Also very interesting is the Surefire X-200 weapon light, that uses a '3 Watt Single LED head' and a 'specialized lens for focused "diamond" beam'!! 

Now if they will just make an L1 with a 3watt and an frean optic, I will be set!


----------



## Mister T (Jan 17, 2004)

I am not sure if the production model will look like the one I have seen. Please understand that I won't post any pictures of it here, because they obviously weren't indented for the public and are also offline by now. As you might have guessed, other people on the forum are already in the possesion of this light. 
But I'll better shut up now... /ubbthreads/images/graemlins/sssh.gif /ubbthreads/images/graemlins/icon15.gif


----------



## Aaron (Jan 17, 2004)

This sounds pretty cool...Looks like there will be a few cool new lights in 2004. This would be particularily cool with a 120 lumen lamp.

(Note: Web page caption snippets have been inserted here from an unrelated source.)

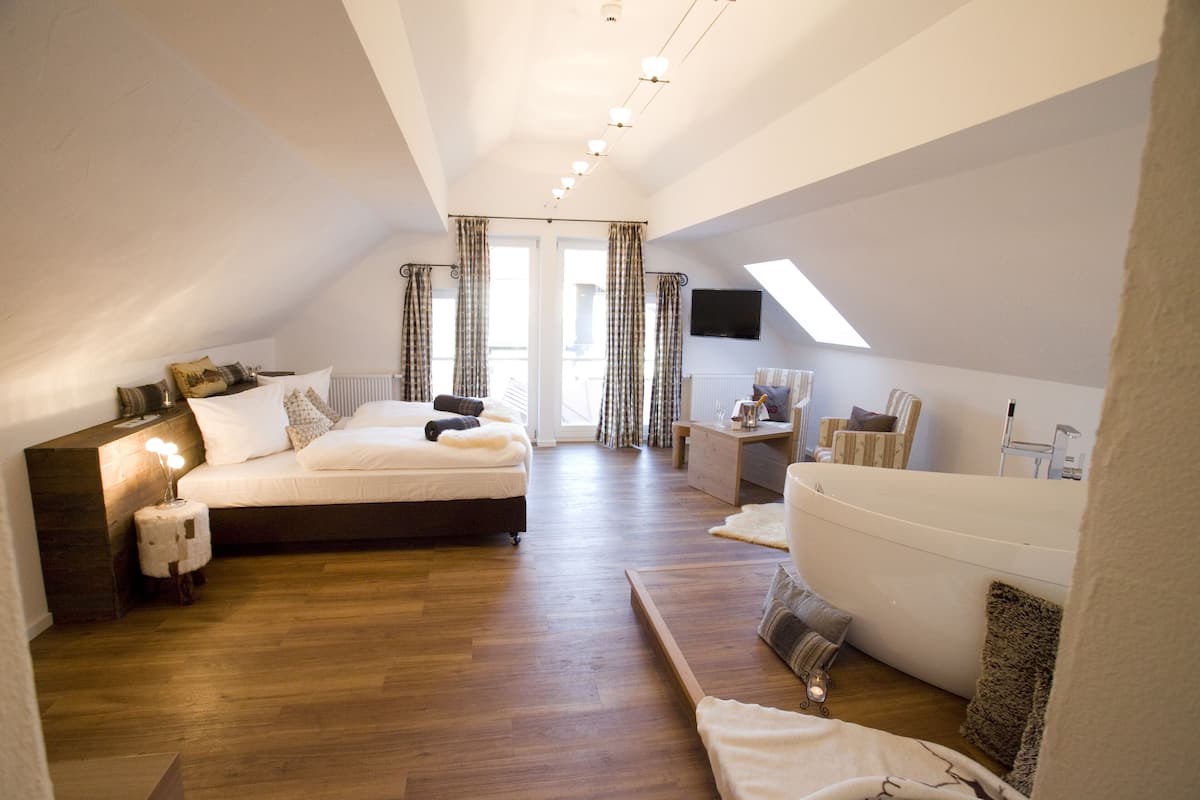 Un espacioso dormitorio en el ático con una cama grande, una zona de estar con un sofá blanco, suelo de madera y un tragaluz.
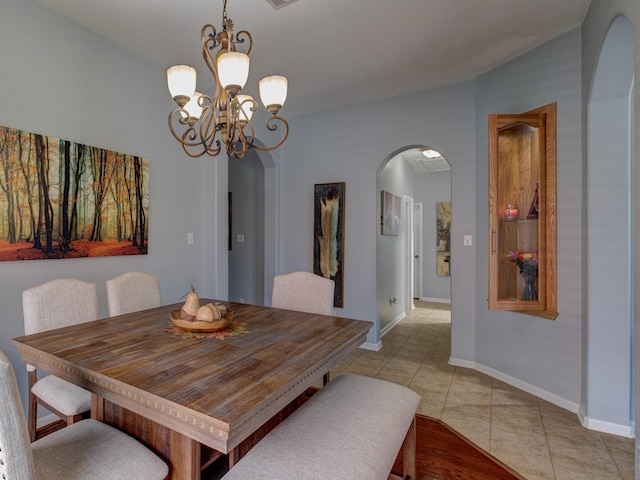 tiled dining area featuring an inviting chandelier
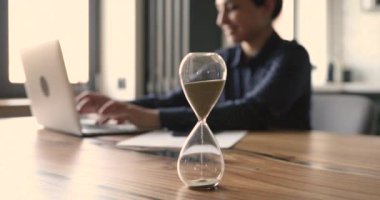 Arka planda çalışan bir kadın olan kum saatine odaklan..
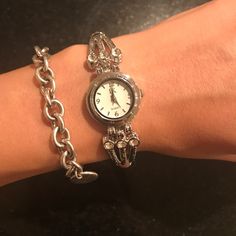 Never Been Worn, New Condition. The Perfect Piece To Pair Up . Needs Batteries. Three Stones On Each Side . Nwot Timeless Adjustable Metal Watch, Adjustable Silver Analog Jewelry And Watches, Adjustable Metal Bracelet Watch, Adjustable Silver Jewelry And Watches With Round Dial, Elegant Nickel-free Metal Watches, Adjustable Metal Bracelet Strap Jewelry And Watches, Coach Watch, Diamond Face, Gucci Watch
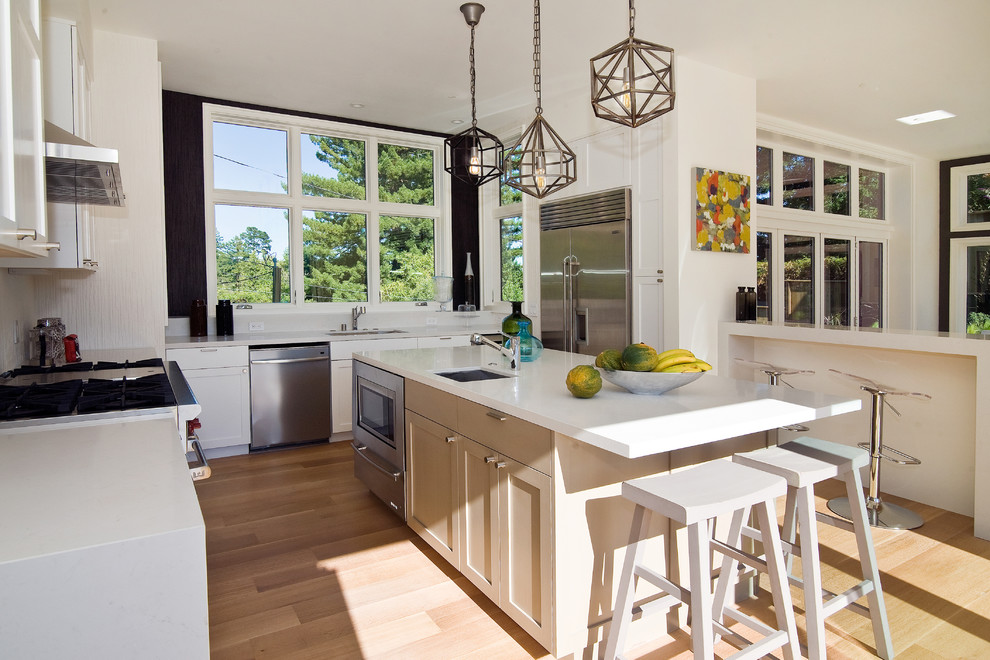 Photo of a contemporary u-shaped kitchen in San Francisco with stainless steel appliances and an undermount sink.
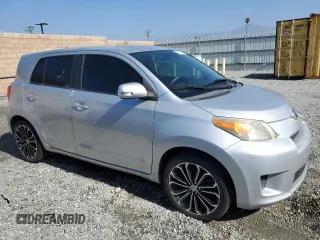 2010 Scion xD with VIN JTKKU4B40A1005613, listed as a Copart auction lot 56074605 with 205,505 mi miles and Clean Title. Bid and sale history available at DreamBid. Image 4.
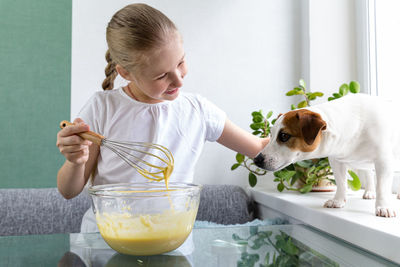 A girl treats dog with whiskey dough from a whisk. hungry dog. for a friend, do not mind. cooking.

Does anyone have a pic or release date?


----------



## Size15's (Jan 17, 2004)

Surely you know better by now than to ask for a release date for a SureFire product?! /ubbthreads/images/graemlins/rolleyes.gif


----------



## Joe Talmadge (Jan 17, 2004)

We've figured out that Surefire gives their estimates in dog years, so if you multiply by seven, you know the release date.

/ubbthreads/images/graemlins/smile.gif
Joe


----------



## tylerdurden (Jan 18, 2004)

"All new impact tail for self-defense applications"

This sounds like it may also double as a switch guard and allow for tail-standing. I wonder if it will be a clickie.


----------



## Chris M. (Jan 18, 2004)

As a _flashlight_ enthusiast, I feel I have to speak out against this again.

/ubbthreads/images/graemlins/rant.gif

I like SureFire`s flashlights very much. I enjoy the powerful, smooth beams. The construction is first-rate. The deisgns are very innovative especially the new deep-reflectored LED models or the A2/L1 with the two stage pressure switch. When the original 6P/6C came out it was a revolution. But there is one thing I can`t stand, and that`s turning flashlights into weapons. Sure you can bash someone with a D-cell Mag, and an UltraStinger can do double-duty as a baton if absolutely necessary, but that wasn`t the prime motivation behind their design. 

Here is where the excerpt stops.